Я заплакала, несмотря на твердую решимость не плакать. Джордж сказал, что если я плачу, то мне нужно еще и еще раз все облумать. Мыслить, зреть, крепнуть и так далее.

И вот я пытаюсь все обдумать и созреть.

И хочется мне умереть вслед за Назимом и Ширин.

Приходится отметить, что Джордж уже не такой красавец, каким был лишь два года назад. Иногда он настолько устает, что даже уродом кажется.

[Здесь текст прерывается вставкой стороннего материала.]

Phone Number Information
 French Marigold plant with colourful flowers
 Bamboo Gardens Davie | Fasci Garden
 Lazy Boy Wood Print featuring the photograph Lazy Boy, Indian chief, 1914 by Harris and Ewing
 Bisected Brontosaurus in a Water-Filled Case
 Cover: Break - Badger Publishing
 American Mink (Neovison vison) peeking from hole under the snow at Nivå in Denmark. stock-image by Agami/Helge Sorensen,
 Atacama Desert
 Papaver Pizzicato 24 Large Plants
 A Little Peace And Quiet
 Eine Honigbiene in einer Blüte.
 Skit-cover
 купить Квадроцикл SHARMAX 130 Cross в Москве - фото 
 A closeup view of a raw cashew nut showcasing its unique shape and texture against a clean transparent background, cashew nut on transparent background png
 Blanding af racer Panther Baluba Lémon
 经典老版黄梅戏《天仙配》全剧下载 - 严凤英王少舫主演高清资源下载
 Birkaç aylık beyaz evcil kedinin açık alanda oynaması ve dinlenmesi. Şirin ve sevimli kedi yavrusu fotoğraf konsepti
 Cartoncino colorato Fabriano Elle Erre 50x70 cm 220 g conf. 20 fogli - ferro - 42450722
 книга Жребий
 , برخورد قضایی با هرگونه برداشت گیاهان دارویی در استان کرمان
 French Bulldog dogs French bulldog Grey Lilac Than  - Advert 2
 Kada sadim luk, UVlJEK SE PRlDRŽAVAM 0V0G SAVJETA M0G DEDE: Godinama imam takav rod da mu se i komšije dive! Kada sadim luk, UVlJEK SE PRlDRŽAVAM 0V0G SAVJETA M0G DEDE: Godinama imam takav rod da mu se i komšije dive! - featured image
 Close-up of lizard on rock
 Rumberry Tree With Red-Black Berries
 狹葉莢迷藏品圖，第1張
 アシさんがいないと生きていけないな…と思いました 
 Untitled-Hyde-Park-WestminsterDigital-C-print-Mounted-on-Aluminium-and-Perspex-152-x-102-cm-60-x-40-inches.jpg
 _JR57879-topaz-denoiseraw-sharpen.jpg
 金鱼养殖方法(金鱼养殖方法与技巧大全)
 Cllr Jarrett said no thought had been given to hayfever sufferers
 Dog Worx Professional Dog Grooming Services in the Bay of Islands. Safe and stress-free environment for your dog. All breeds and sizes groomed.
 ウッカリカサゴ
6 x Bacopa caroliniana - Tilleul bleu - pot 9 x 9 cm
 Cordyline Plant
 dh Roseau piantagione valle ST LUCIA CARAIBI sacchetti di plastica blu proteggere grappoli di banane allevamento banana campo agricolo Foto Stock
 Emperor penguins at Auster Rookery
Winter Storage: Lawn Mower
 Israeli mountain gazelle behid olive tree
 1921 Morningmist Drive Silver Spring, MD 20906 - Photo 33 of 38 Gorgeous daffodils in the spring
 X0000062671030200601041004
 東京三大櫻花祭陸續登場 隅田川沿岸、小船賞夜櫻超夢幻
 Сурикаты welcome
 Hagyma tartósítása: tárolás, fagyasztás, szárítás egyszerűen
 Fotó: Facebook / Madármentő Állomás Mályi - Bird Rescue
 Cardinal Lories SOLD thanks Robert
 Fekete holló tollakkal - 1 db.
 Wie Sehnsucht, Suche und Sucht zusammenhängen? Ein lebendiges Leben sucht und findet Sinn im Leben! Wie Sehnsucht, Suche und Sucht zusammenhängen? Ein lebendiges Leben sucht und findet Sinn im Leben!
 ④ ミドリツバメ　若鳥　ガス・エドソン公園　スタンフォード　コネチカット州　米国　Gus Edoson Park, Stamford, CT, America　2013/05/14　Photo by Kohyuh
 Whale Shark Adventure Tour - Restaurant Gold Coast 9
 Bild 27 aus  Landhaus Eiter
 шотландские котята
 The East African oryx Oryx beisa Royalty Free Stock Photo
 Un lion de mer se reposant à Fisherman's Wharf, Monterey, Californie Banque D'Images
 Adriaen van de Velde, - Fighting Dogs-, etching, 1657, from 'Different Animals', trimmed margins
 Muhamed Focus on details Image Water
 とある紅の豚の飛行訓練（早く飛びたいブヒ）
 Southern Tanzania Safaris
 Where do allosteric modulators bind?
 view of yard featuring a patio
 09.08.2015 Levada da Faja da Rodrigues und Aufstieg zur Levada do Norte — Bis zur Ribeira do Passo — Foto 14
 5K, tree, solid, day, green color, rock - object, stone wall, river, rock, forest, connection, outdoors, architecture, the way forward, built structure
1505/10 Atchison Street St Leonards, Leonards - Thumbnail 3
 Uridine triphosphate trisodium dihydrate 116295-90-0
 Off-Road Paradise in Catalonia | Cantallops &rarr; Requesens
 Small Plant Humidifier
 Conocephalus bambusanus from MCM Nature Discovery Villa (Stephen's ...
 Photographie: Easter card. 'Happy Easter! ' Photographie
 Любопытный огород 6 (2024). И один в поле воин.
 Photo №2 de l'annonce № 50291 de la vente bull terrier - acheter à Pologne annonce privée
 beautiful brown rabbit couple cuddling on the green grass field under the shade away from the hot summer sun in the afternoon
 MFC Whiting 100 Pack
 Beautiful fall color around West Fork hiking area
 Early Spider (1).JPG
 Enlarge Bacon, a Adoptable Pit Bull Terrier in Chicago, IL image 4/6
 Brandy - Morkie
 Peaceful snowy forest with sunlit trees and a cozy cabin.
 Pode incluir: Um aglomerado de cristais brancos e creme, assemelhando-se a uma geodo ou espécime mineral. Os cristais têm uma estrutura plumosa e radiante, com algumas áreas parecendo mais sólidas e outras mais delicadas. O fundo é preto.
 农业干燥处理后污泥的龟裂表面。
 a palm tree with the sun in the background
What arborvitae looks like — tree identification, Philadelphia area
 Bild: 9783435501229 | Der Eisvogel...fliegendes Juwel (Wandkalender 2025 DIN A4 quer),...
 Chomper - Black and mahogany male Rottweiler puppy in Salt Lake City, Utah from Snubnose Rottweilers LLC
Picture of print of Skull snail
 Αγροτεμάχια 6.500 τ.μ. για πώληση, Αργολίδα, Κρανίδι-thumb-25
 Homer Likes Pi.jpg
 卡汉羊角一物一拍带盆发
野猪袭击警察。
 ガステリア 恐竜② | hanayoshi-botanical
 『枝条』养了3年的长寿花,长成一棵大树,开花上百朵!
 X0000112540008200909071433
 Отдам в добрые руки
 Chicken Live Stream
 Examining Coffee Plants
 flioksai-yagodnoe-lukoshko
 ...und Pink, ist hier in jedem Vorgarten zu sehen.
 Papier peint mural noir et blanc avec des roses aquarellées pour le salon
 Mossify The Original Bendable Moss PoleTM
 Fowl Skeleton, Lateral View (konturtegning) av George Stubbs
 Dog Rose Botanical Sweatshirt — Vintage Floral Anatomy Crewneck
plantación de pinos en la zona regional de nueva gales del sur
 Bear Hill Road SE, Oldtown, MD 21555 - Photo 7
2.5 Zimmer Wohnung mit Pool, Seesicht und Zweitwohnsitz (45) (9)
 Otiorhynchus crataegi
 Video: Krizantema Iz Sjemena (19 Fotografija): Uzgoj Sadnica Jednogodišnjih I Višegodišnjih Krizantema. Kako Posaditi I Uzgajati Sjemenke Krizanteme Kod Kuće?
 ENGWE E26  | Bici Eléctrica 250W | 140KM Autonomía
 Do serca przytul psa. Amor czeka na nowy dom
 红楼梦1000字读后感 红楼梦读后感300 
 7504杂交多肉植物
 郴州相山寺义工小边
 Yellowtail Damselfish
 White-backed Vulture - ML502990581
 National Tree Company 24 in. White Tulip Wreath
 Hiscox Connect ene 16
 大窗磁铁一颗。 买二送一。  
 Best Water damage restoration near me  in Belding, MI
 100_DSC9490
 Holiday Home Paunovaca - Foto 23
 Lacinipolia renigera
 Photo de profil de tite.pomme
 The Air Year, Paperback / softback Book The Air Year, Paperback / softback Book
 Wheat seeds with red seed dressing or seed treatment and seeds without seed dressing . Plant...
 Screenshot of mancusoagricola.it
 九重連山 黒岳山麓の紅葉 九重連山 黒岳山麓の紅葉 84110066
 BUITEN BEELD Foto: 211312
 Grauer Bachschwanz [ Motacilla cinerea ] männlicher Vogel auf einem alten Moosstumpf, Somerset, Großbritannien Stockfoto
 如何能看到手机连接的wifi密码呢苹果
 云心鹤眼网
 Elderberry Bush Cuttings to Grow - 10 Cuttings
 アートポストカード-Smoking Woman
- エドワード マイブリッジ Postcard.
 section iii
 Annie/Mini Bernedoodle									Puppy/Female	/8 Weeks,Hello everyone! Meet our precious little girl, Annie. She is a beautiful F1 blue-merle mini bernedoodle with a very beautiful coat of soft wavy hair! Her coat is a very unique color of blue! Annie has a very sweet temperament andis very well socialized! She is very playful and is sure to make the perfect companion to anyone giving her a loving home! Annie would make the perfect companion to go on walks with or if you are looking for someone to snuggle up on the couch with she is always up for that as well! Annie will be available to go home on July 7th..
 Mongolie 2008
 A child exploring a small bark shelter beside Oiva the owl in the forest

Вижу, что Симон долго не протянет. Как и Ольга, он существует где-то вдали от нас. Джордж старается почаще бывать с родителями. Я тоже сижу с ними, но не могу выдержать долго, приходится выходить, чтобы не заплакать при них. Они не плачут. Они спокойны и серьезны.

Джордж высказал пожелание, чтобы я помогла Бену в детском лагере. У меня глаза на лоб полезли.

— Да-да, Рэчел, там твое призвание.

— Нет, нет и нет! — отрубила я.

— Да, Рэчел, да.

Ввалился Бенджамин, здоровенный опаленный солнцем обалдуй. Глаза бы мои на него не глядели. Джорджа дома не было. Я поняла, что Джордж нарочно подстроил нашу встречу наедине. Бенджамин долбил меня вопросами: «А где Джордж? А где мать? А где отец? А где народ?» Симон ушел в больницу, Ольга прилегла у себя в комнате, я увидела, что Бенджамин чувствует себя дома неуютно, как будто заброшенный ребенок. Заставила себя спросить о лагере. Он просиял. Я не пожалела о том, что спросила. Но теперь придется во все это нырять. Вряд ли я справлюсь. И Джорджа нет, он отправился в Египет по делам своей дурацкой молодежи.

Поехала в лагерь вместе с Бенджамином. У него маленький грузовик. Остановившись у кафе «Мир», он предложил подкинуть желающих. Набрали семнадцать человек, все в лагерь. Дотуда пятнадцать миль. Бенджамин говорит, что как раз достаточно, чтобы лагерь не разнесли посетители. Место живописное, долина среди холмов. Пыльно, конечно, песок на зубах скрипит. Вокруг колючая проволока под напряжением. «Без забора никак нельзя. Чтобы никто из посторонних не забирался внутрь и никто из пацанов не вылез наружу». Конец цитаты, кавычки закрываются. В скобках: Бенджамин. За забором пять тысяч детских душ, по пятьдесят мальчиков под крышей легкого сарая-навеса, в группе пять таких построек, всего двадцать групп. На каждую группу сараев — водоразборная колонка, блок душевых и туалетов. В центре административные и служебные постройки. Лагерь спланирован в виде колеса, каждая спица которого — две группы сараев.